Johnson & Johnson (JNJ)
J&J might just be the Dividend King to rule them all. It has a strong business model, operating in pharmaceuticals, medical devices and consumer products businesses. J&J is a highly recession-resistant business, with growth potential thanks to the aging U.S. population.
2016 was a challenging year for Big Pharma, under the weight of a strong U.S. dollar, weak economic growth and political pressure over drug pricing. And yet, J&J continues to generate reliable growth, year after year.
J&J has plenty of growth potential moving forward. Its oncology and immunology segments are particularly attractive, as these two areas contributed revenue growth of 24% and 15%, respectively, in 2016. J&J has multiple potential blockbusters in its pipeline, including Stelara and Imbruvica.
With such strong cash flow, J&J has increased its dividend for 55 years in a row. The stock offers a market-beating dividend yield of 2.6%.
Procter & Gamble (PG)
Consumer products giant P&G is a titan of industry. It has dozens of brands that each collect more than $1 billion in sales each year. Among its key brands are Pampers, Tide, Charmin, Bounty, Febreze, Crest, Gillette, Old Spice, Pantene and Head & Shoulders.
In all, P&G generates more than $65 billion in annual sales. Going forward, there is plenty of growth potential left for P&G, thanks in large part to its massive portfolio restructuring.
P&G has sold off dozens of low-growth brands, such as Duracell and several beauty brands. This has streamlined P&G’s product portfolio, and given it a clear path to return to growth.

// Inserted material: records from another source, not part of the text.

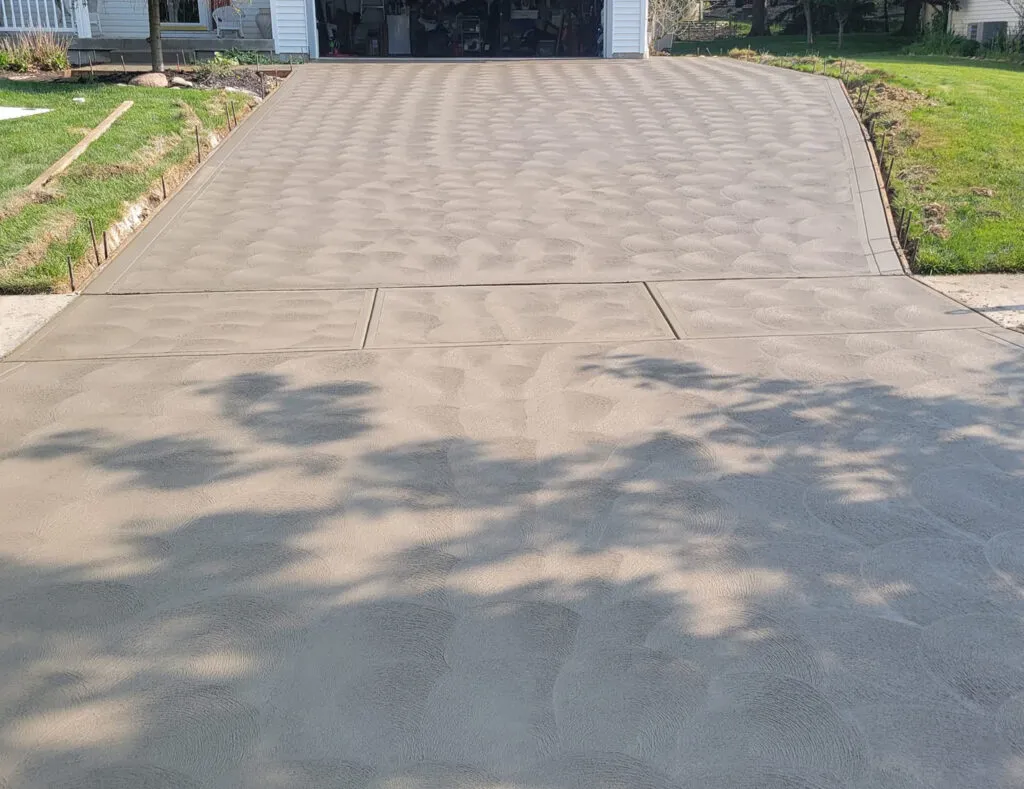 Concrete driveway with a custom swirled finish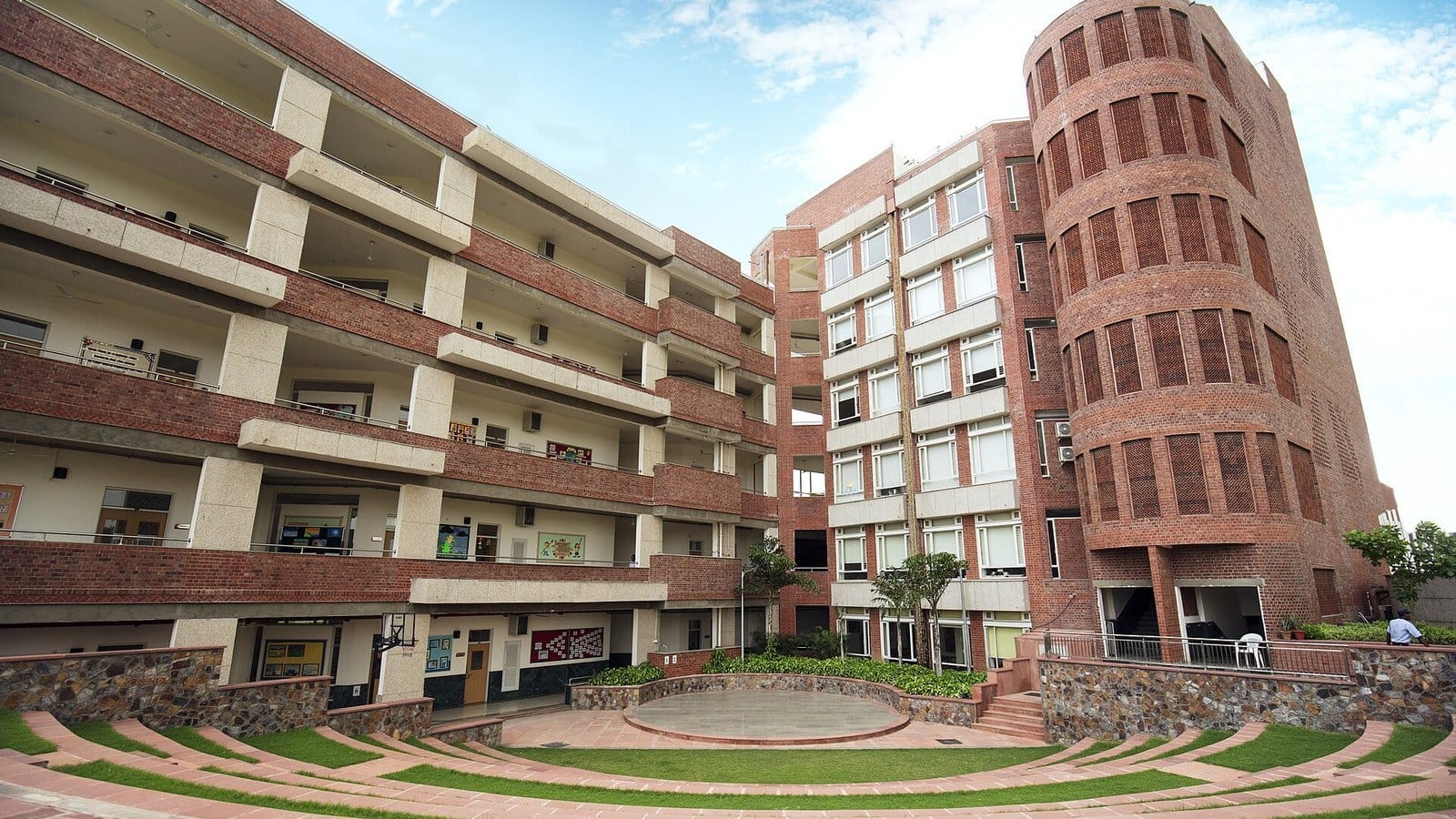 The HDFC School senior wing in Sector 57, Sushant Lok 3: red-brick classroom blocks and a round tower behind a grassed amphitheatre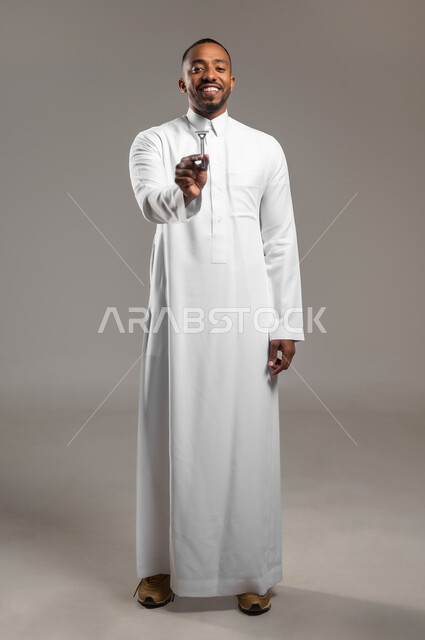 النظر الى الكاميرا بإيماءات السعادة والسرور، العناية بالبشرة والاهتمام بالمظهر الخارجي، الحفاظ على الأناقة والنظافة الشخصية، بورتريه لرجل عربي خليجي سعودي يرتدي الثوب التقليدي يمسك بيده شفرة الحلاقة الرجالية، الجسم بالطول الكامل، خلفية رمادية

Throughout its transformation, P&G has taken more than $10 billion out of its cost structure. The company is also using a significant amount of the proceeds from its asset sales to buy back stock. P&G has increased its dividend for 61 years in a row. It has a hefty 3.2% dividend yield.
Last but not least is 3M, whose dividend track record makes it the king of the industrial sector. 3M has distributed uninterrupted dividends for more than 100 years. Moreover, it has increased its dividend for 59 years in a row. The stock offers an attractive dividend yield of 2.3%.
3M generated more than $30 billion of revenue in 2016. It is a diversified industrial giant. Last year, it generated a very healthy return on capital of over 20%.
It is off to an equally impressive start to 2017. The company had a classic “beat-and-raise” first-quarter performance. That means it not only beat analyst expectations for the quarter, but it also raised guidance for the remainder of the year.
Going forward, 3M expects 2% to 5% organic revenue growth this year, which will be more than enough to continue raising its dividend. That makes 3M a top pick for income investors.